[Scraped caption text data]
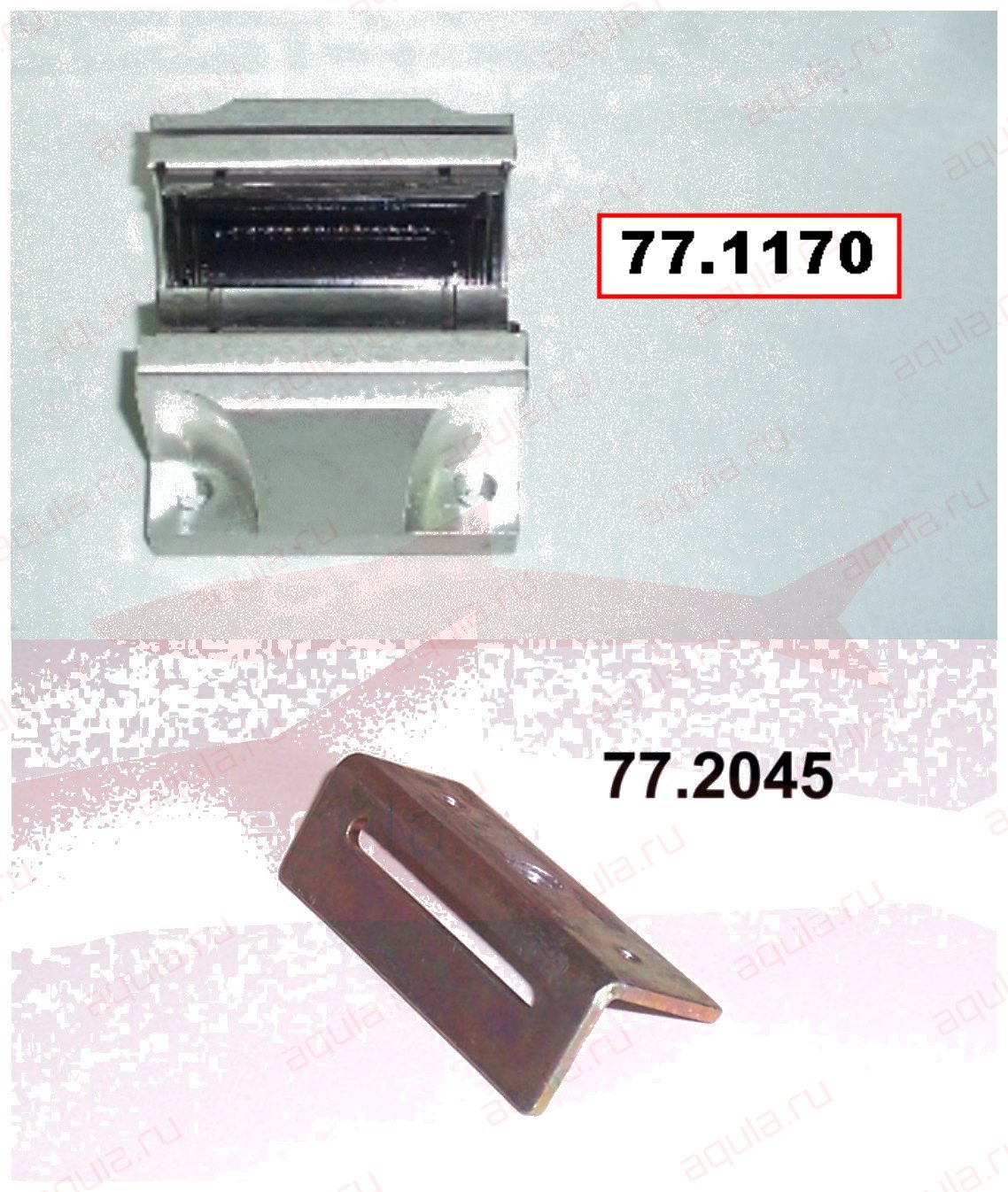 Morgana KB2000 Slide bearing — схема деталей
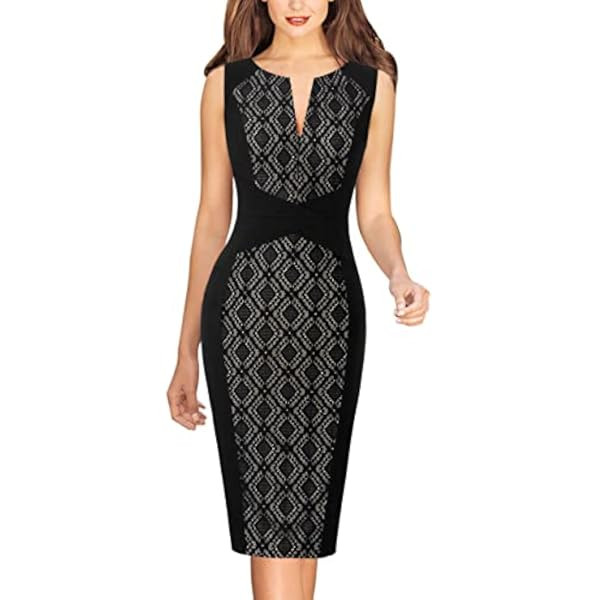 Visit the VFSHOW Store 4.3  959
VFSHOW Womens Elegant Front Zipper Slim Work Business Office Party P | Amazon (US)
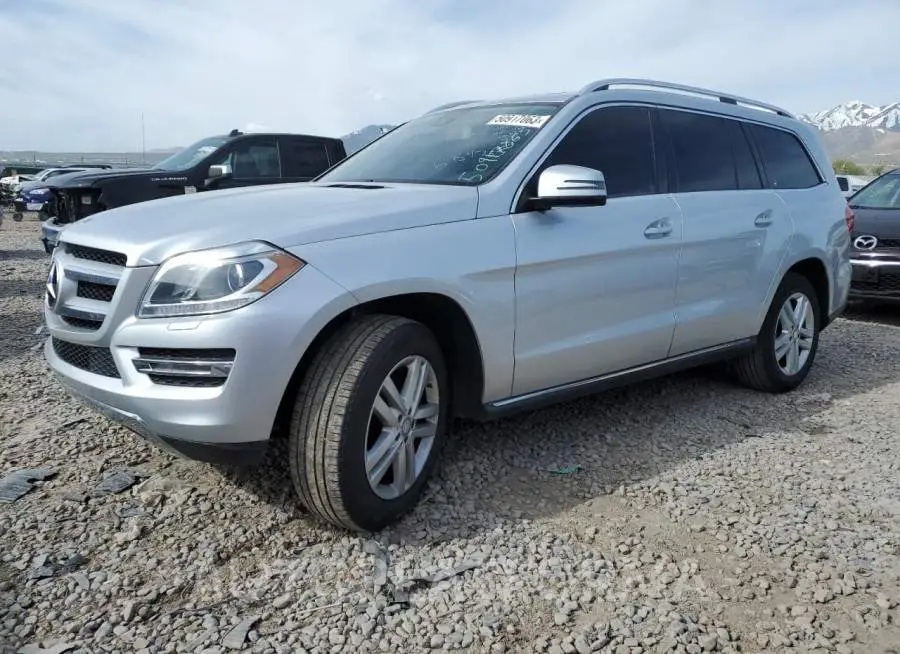 MERCEDES-BENZ GL 450 4MA 2016 vin 4JGDF6EE5GA654757 from auto auction Copart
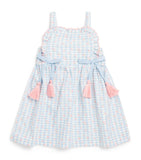 Gingersnaps Cotton Tassel Dress 3-36 months, UK version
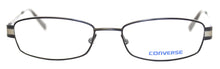 Load image into Gallery viewer, Converse Ophthalmic Eyeglass Mens Black Rectangle Metal Soundtrack. 51mm
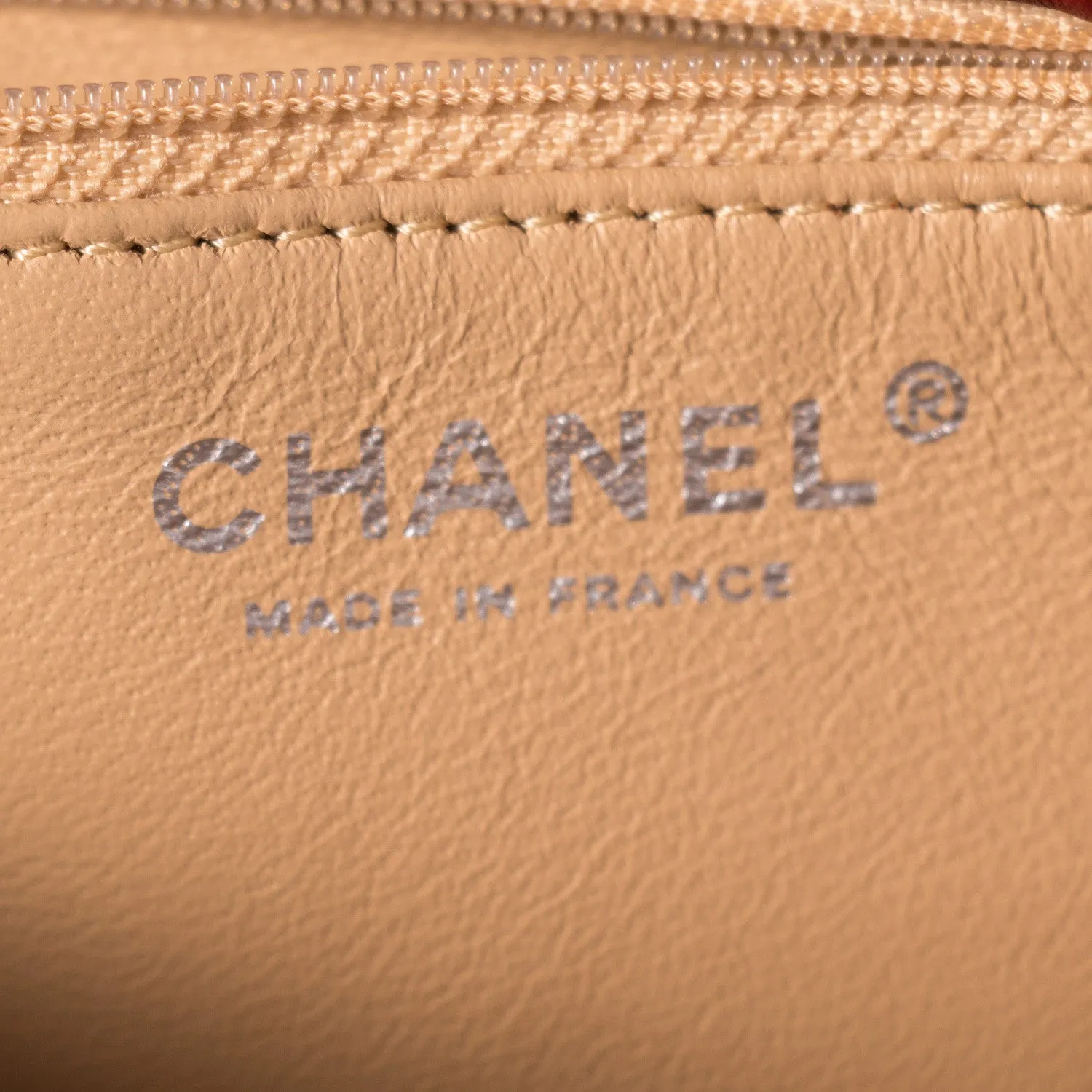 Chanel Luxe Ligne Accordion Bag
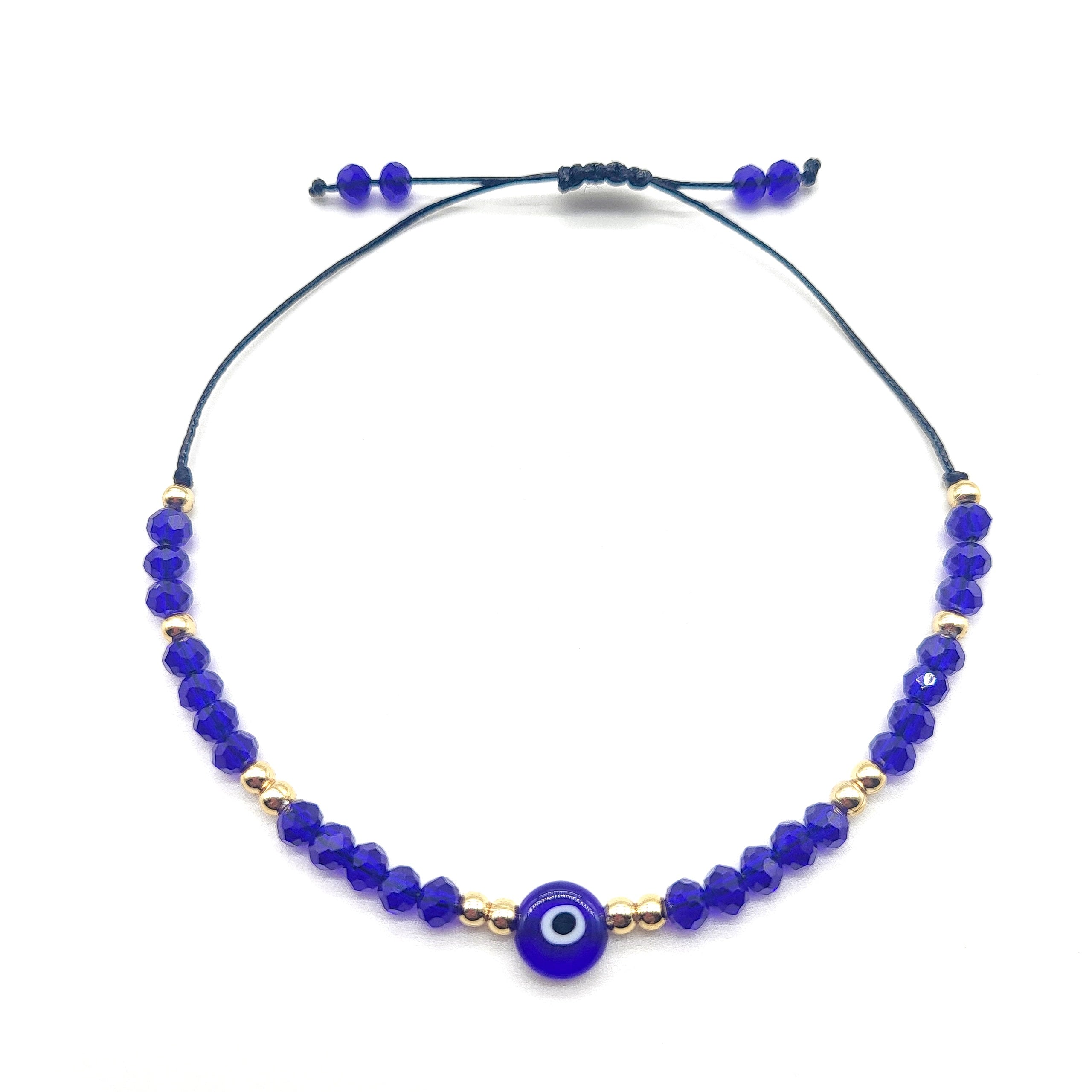 Evil Eye Adjustable Bracelet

Exercise aim >>
The task calls for all records to be set down precisely, excluding any images.

Response box >>
 Morgana KB2000 Slide bearing — схема деталей
 Visit the VFSHOW Store 4.3  959
VFSHOW Womens Elegant Front Zipper Slim Work Business Office Party P | Amazon (US)
 MERCEDES-BENZ GL 450 4MA 2016 vin 4JGDF6EE5GA654757 from auto auction Copart
 Gingersnaps Cotton Tassel Dress 3-36 months, UK version
 Load image into Gallery viewer, Converse Ophthalmic Eyeglass Mens Black Rectangle Metal Soundtrack. 51mm
 Chanel Luxe Ligne Accordion Bag
 Evil Eye Adjustable Bracelet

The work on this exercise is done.